Two-Variable Linear Inequalities

Replace inequality with = to get the boundary line
Plot the boundary line (solid if ≤ or ≥; dashed if < or >)
Test origin (0,0) in the inequality
If true → shade the side containing origin
If false → shade the opposite side
Solution = shaded (feasible) region

⚠ Exam Trap — Inequalities with Variables in Denominator:
Never cross-multiply directly when the denominator contains a variable. For example, solving (x+1)/(x−2) > 0 by cross-multiplying gives wrong results if x < 2. Always use the sign chart (wavy curve) method instead.
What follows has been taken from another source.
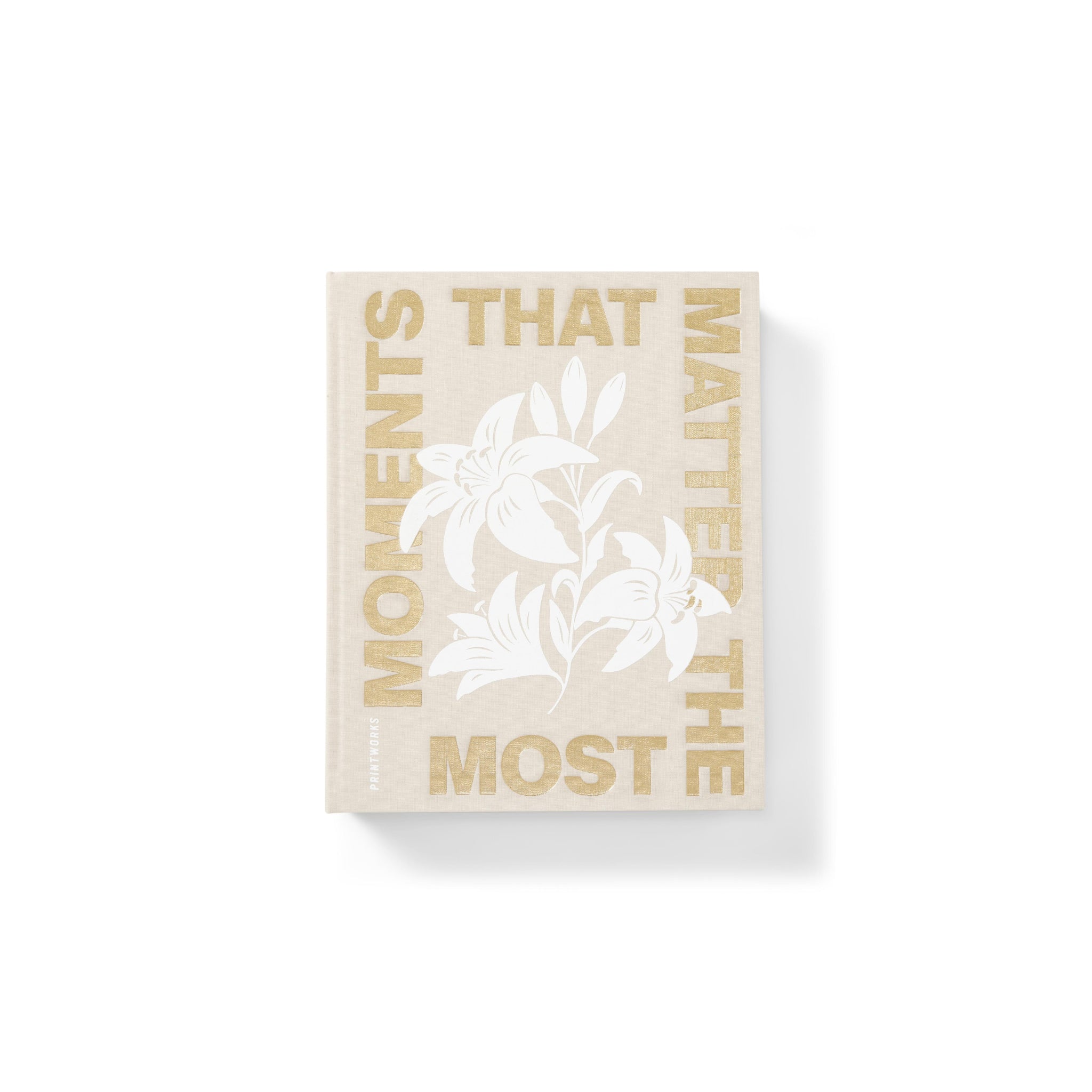 Het Printworks Fotoalbum Moments that Matter the Most heeft een beige hardcover met vetgedrukte gouden tekst en een witte bloemenillustratie, waardoor het een stijlvol salontafelaccent is. Gefotografeerd tegen een witte achtergrond.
5. Quadratic Inequalities — Wavy Curve Method

5.1

The Wavy Curve (Sign Chart) Method

The standard technique for all polynomial and rational inequalities

The wavy curve method finds the solution of inequalities like ax² + bx + c > 0 (or < 0, ≥ 0, ≤ 0) by finding where the expression changes sign.

1
Move everything to one side — get the expression f(x) on the left, 0 on the right. E.g., x²−5x+6 > 0.
2
Factorise f(x) — write as a(x−r₁)(x−r₂)…. Find roots r₁ and r₂. E.g., (x−2)(x−3) > 0, roots are x = 2 and x = 3.
3
Mark roots on number line — place r₁ and r₂ in ascending order. These are critical points where sign can change.
4
Draw the wavy curve — start from the rightmost region (always positive for leading coefficient a > 0) and alternate signs: +, −, +, − as you move left across each root.
5
Read the answer — select the regions with the sign your inequality requires (> 0 → positive regions; < 0 → negative regions). Include endpoints if ≥ or ≤.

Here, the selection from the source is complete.